(AVAILABLE DATA Opens)

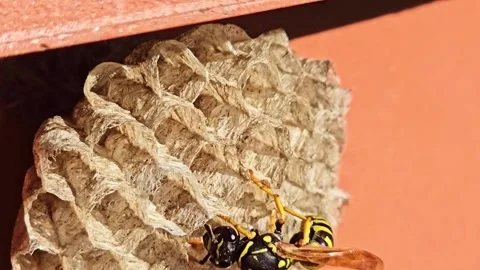 Wasp Inspecting Nest Cells Macro Close Up Stock Footage 334786809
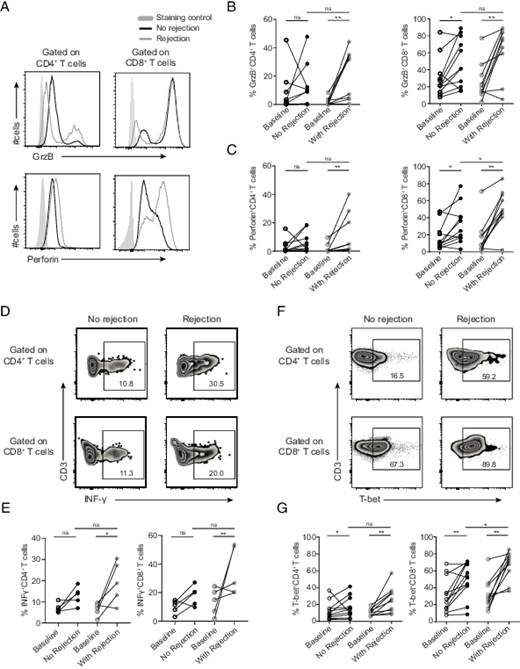 FIGURE 4. INF-γ, GrzB, and perforin expression in CD4+and CD8+ T cell subsets between no rejection and rejection groups. (A) Representative overlaid flow cytometry histograms and the compiled bar graph show the expression levels of GrzB and perforin in (B) CD4+ T cells and (C) CD8+ T cells among different groups. Healthy controls (n = 6); PTx recipients (no rejection, n = 12; rejection, n = 10). (D) Representative intracellular cytokine flow cytometry dot plots and (E) the compiled bar graph show the INF-γ–expressing CD4+ T cells and CD8+ T cells among different groups after 4 h of stimulation with mitogens in vitro. (F) Representative flow cytometry dot plots and (G) the compiled bar graph show the T-bet–expressing CD4+ T cells and CD8+ T cells among different groups. PTx recipients (no rejection, n = 5; rejection, n = 5). Statistics are as follows: horizontal bar represents the median, and each dot represents one PTx recipient. *p ≤ 0.05, **p ≤ 0.01. ns, not significant.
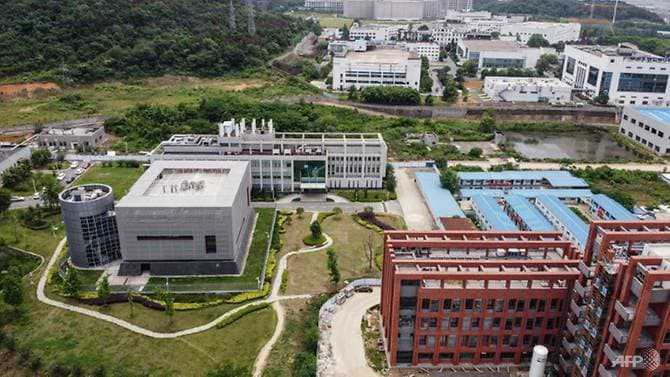 Wuhan lab had three live bat coronaviruses: Chinese state media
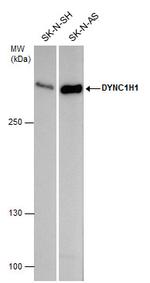DYNC1H1 Polyclonal Antibody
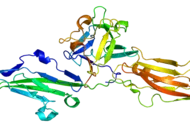 Die Abbildung zeigt ein 3D-Modell eines Proteins, das aus verschiedenen gefalteten Strukturen besteht. Die Farben variieren und umfassen Blau, Grün, Gelb und Orange, was die unterschiedlichen Bereiche des Proteins darstellt. Es verdeutlicht die komplexe Form und Anordnung der Aminosäuren.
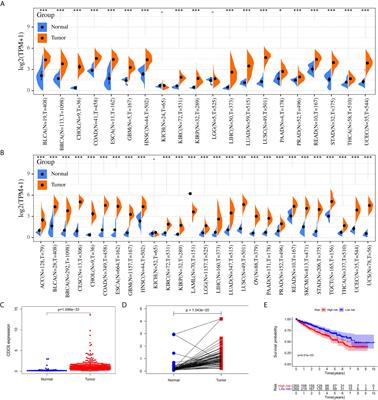 Increased CDC6 Expression Associates With Poor Prognosis in Patients With Clear Cell Renal Cell Carcinoma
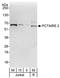 Cyclin-dependent kinase 17 antibody, A302-674A, Bethyl Labs, Western Blot image 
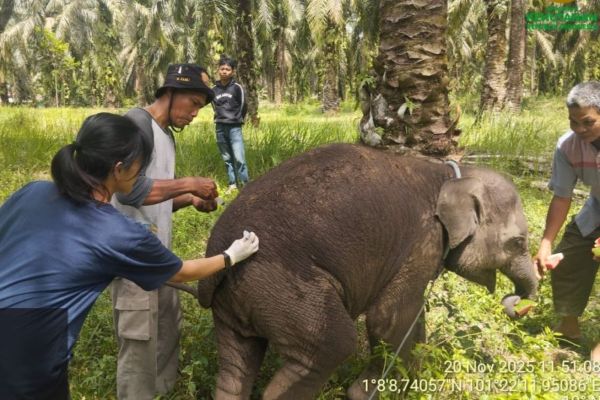 Penyebab Kematian Anak Gajah Laila Terungkap, Positif Terinfeksi Virus EEHV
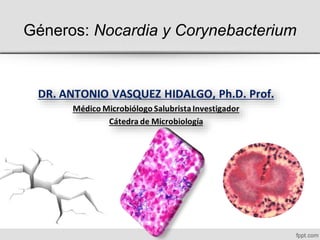 Géneros: Nocardia y Corynebacterium
http://www.investigacionvasquez.webs.com
 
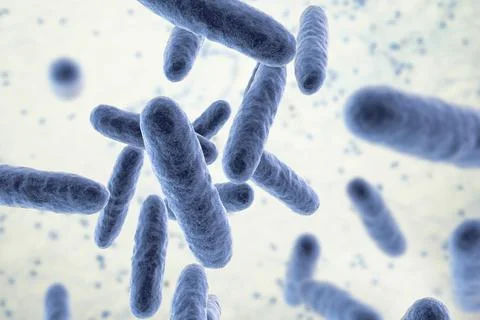 Bacteria Eikenella, illustration Stock Illustration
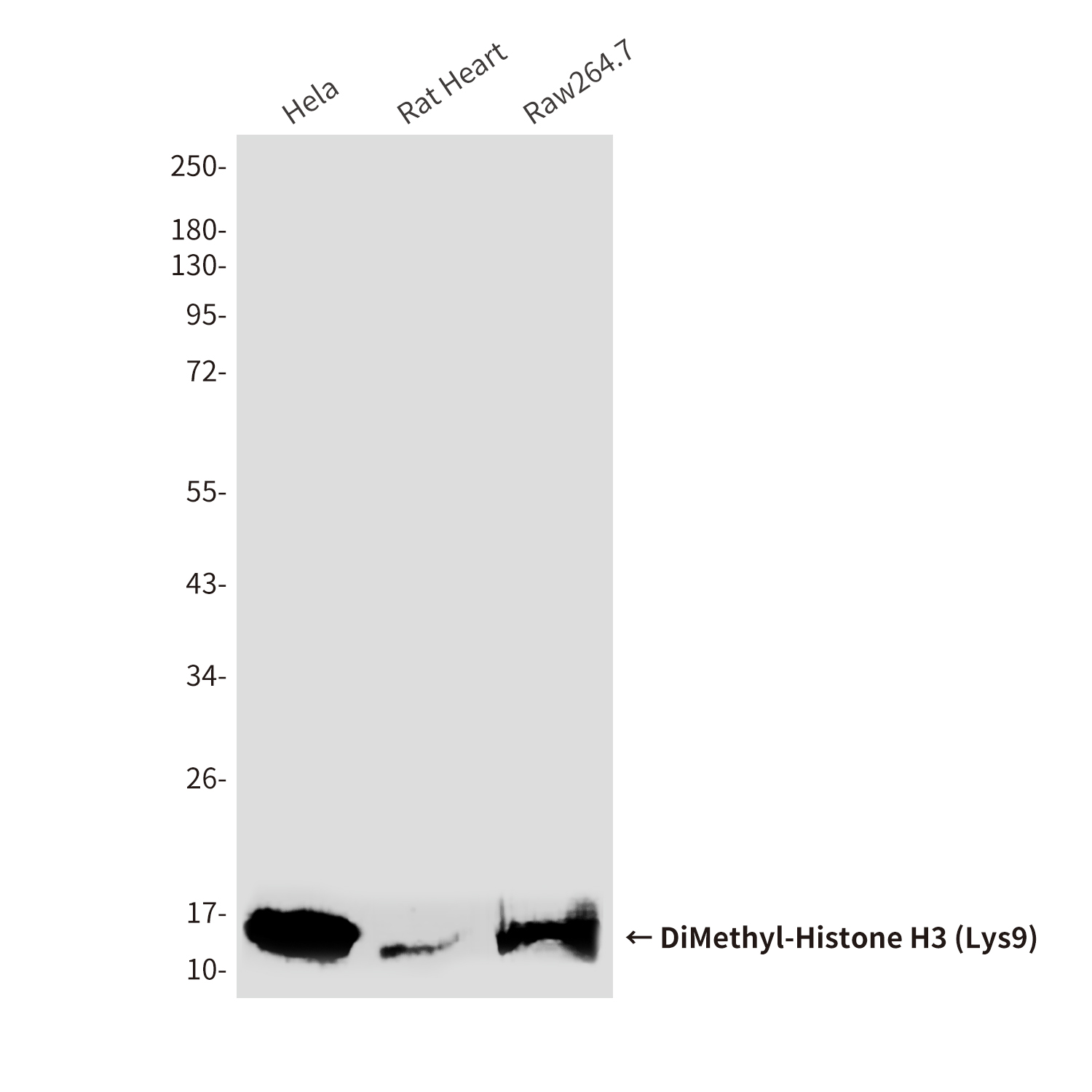 Mouse Monoclonal Antibody to DiMethyl-Histone H3 (Lys9)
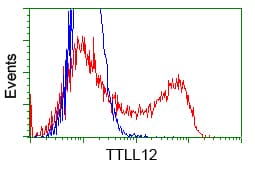 KIAA0153 / TTLL12 Antibody (clone OTI12B7, Carrier-free)
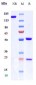 Anti-IL-13Ra1 / CD213a1 Reference Antibody (MK-6105)
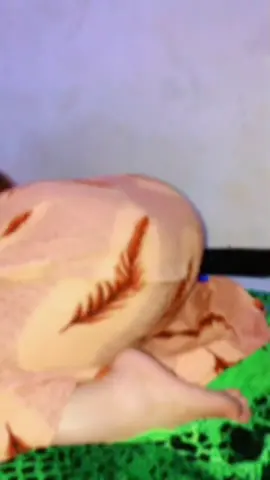 Hot 🍑 #🇸🇴🇸🇴🇸🇴 #niiko #gabadh #Kacsi #wasmo #macaan #somalitiktok #muqdisho #viral #🍑 #CloseYourRings #twerking #fyp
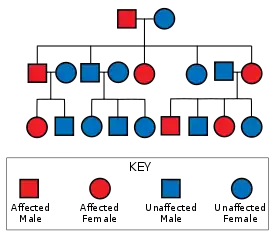 Diagram showing a father carrying the gene and an unaffected mother, leading to some of their offspring being affected; those affected are also shown with some affected offspring; those unaffected have no affected offspring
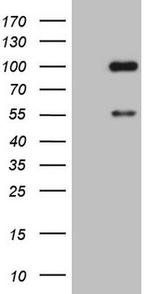 ADAMTS4 Antibody in Western Blot (WB)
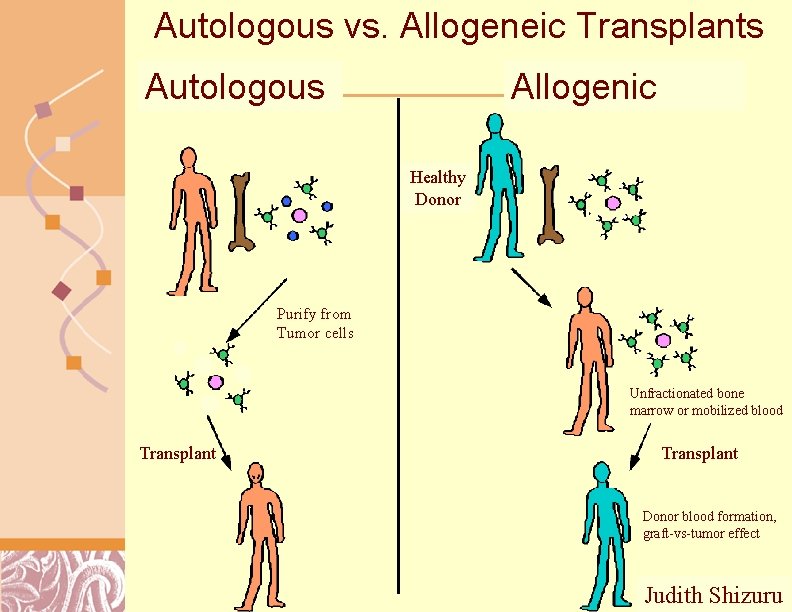 Autologous vs. Allogeneic Transplants Autologous Allogenic Healthy Donor Purify from Tumor cells Unfractionated bone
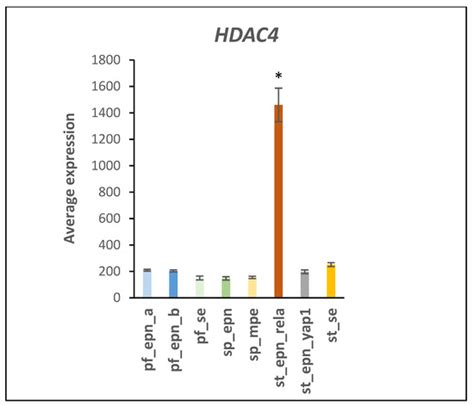 Ubiquitin Proteasome Gene Signatures in Ependymoma Molecular Subtypes
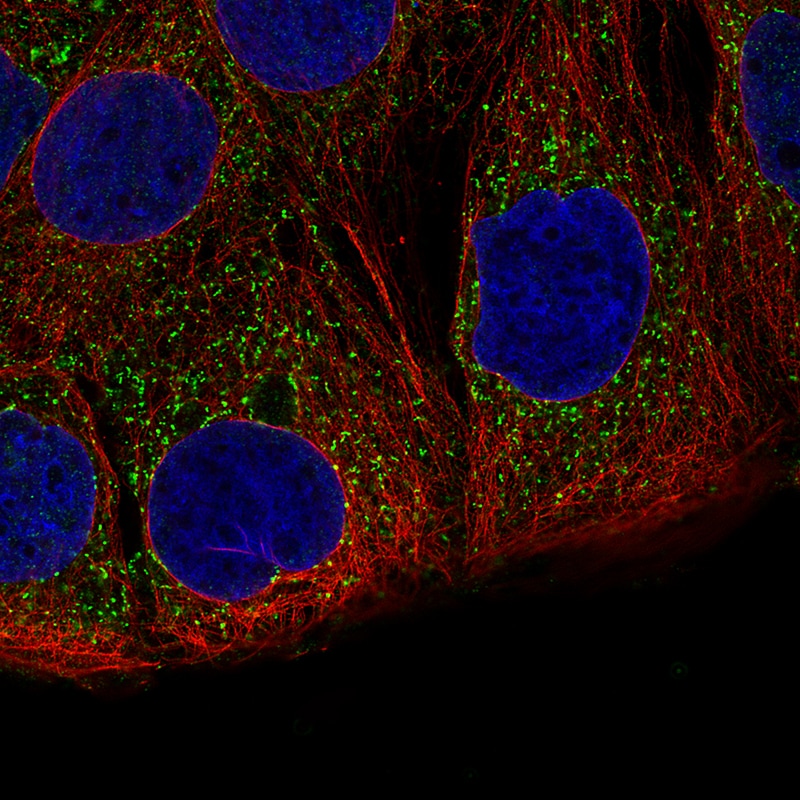 ACAA1 Antibody (CL2660) - Azide and BSA Free Immunocytochemistry/ Immunofluorescence: ACAA1 Antibody [NBP3-44447]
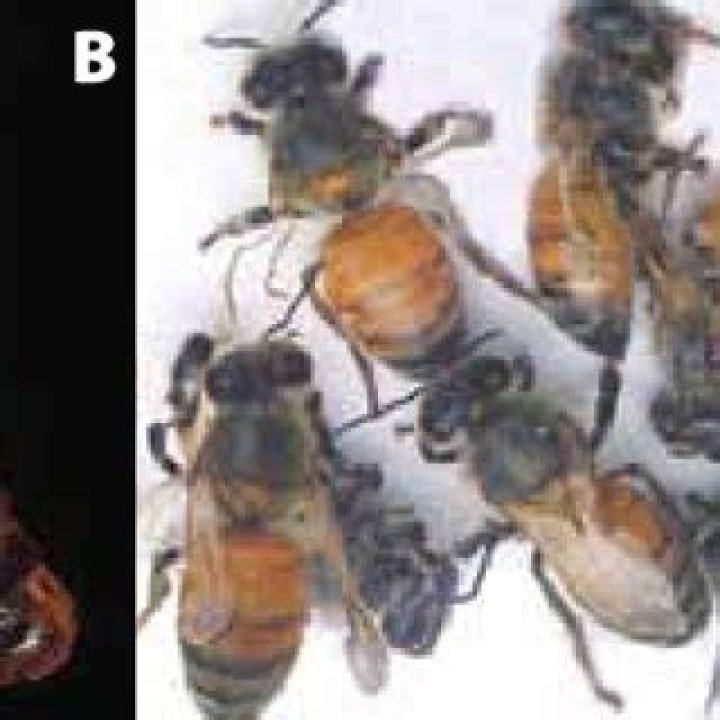 Is sacbrood caused by a virus?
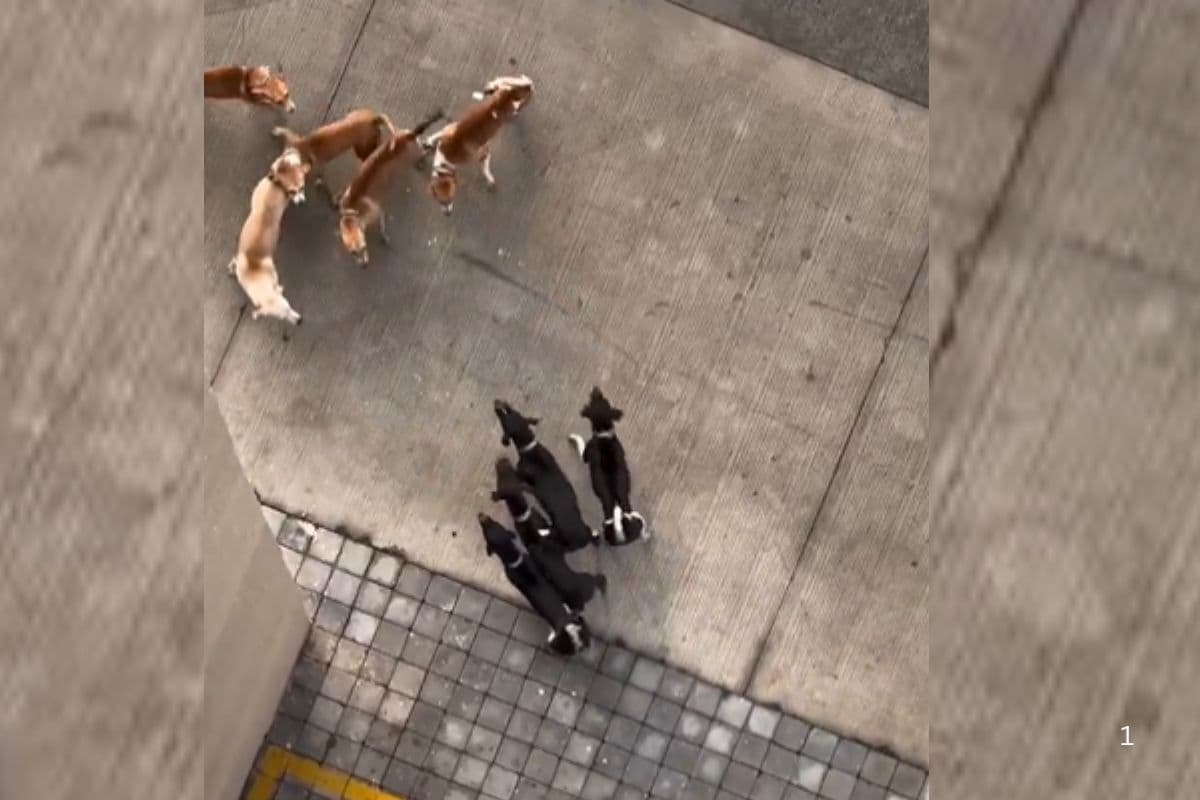 Viral Video: काले और भूरे कुत्तों का गैंगवार, वीडियो देखकर आपकी भी छूट जाएगी हंसी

(AVAILABLE DATA Closes)

Set down exactly, with no additions, each line from the line that includes "Ubiquitin Proteasome Gene" to the final line of the entries above; leave pictures out.

**ANSWER TO THIS PROBLEM:**
 Ubiquitin Proteasome Gene Signatures in Ependymoma Molecular Subtypes
 ACAA1 Antibody (CL2660) - Azide and BSA Free Immunocytochemistry/ Immunofluorescence: ACAA1 Antibody [NBP3-44447]
 Is sacbrood caused by a virus?
 Viral Video: काले और भूरे कुत्तों का गैंगवार, वीडियो देखकर आपकी भी छूट जाएगी हंसी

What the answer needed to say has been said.